A commenter named Melissa identified what I was getting at in my assertion that giving women different terms for the exact same procedure presents pronounced stigma. She wrote:

While there are many terms used for abortion, I think the way the word abortion is used in society, in media, and even within the medical community assigns to it a negative connotation that words like reduction and termination don’t have. This despite the fact that they all refer to the same procedure of ending an unwanted pregnancy. Reduction and termination seem to be terms used in cases where the abortion is deemed medically necessary. For example, you terminate a fetus that carries a fatal trisomy or you reduce a multiple IVF pregnancy but you don’t often hear the word abortion uttered in these cases. Even “spontaneous abortion” gets recast as miscarriage. But if we’re talking about an unwanted pregnancy from a one night stand or in an unwed, teenage and/or poverty-stricken woman or in a rape victim, it’s always called an “abortion”. I think the point Koa is trying to make is that the context for using “abortion” vs. “reduction” is such that reductions seem acceptable (again, because it’s cast in a medical context) while abortions are not.
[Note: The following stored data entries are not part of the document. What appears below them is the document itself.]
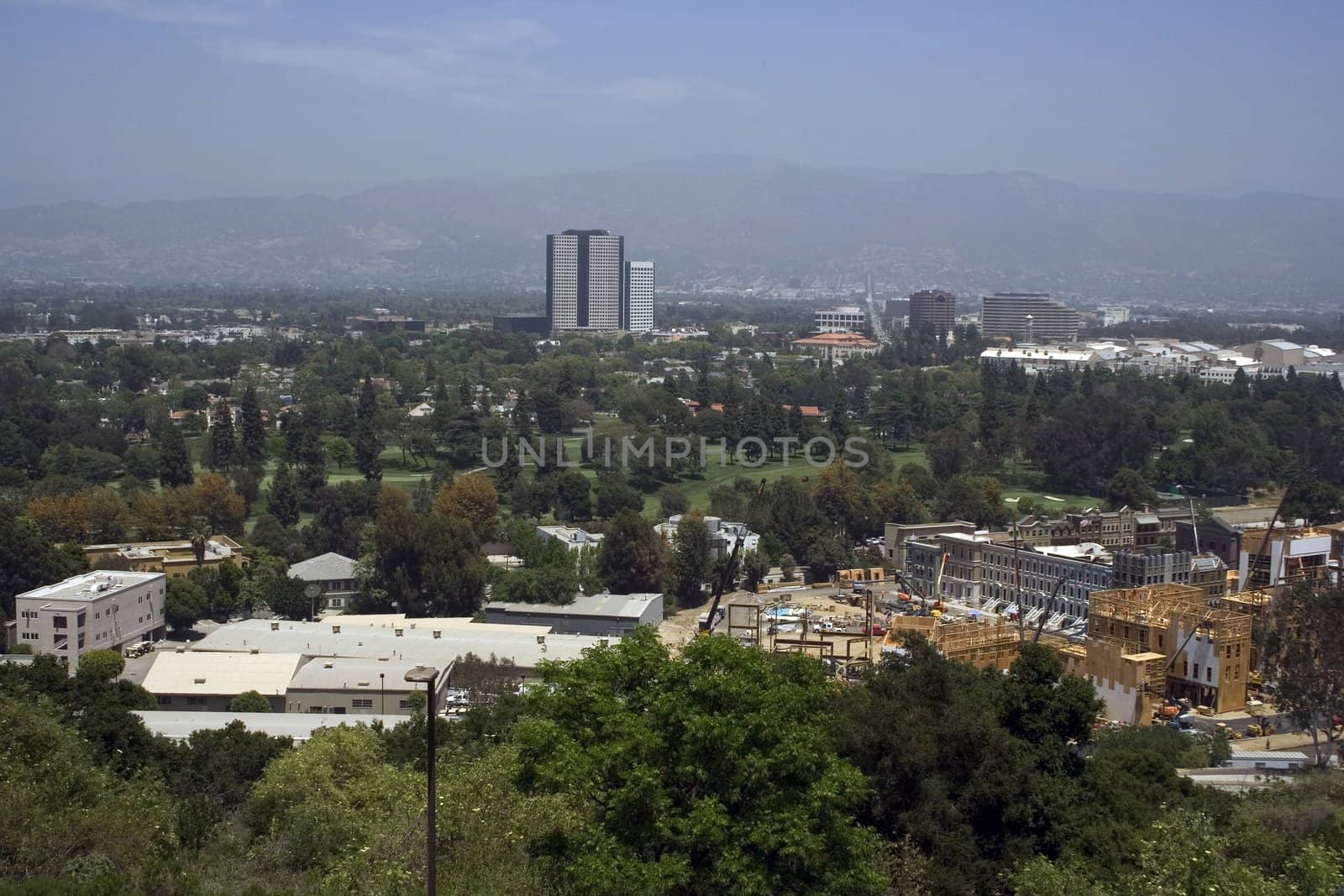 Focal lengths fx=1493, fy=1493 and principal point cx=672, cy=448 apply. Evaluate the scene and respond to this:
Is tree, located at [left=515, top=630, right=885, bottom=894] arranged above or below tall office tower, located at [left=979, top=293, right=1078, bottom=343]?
above

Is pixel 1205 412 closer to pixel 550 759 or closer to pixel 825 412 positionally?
pixel 825 412

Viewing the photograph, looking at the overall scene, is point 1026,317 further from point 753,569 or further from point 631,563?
point 631,563

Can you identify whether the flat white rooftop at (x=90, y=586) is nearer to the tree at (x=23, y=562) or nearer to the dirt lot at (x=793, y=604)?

Cait, another reader, disagreed with me, but added that in her estimation, a reduction is a “type of abortion”:

…if you were carrying an unwanted multiple pregnancy and your doctor laid out your options including just the vaguely-titled “abortion”, you’d most likely get it confused with a complete termination rather than just a reduction.

The only issue I would have is if someone was trying to assert that a reduction isn’t a type of abortion and should be entirely removed from the word, but I have yet to see that happening.

So if a selective reduction is a “type of abortion,” where should ladies and practitioners meet in terms of terminology? If we’re talking about the same procedure for all women with unwanted pregnancies, no matter how many fetuses they plan to carry to term at present — or perhaps later on their lives — what’s appropriate?

But more importantly, is a “reduction” an “abortion” to you?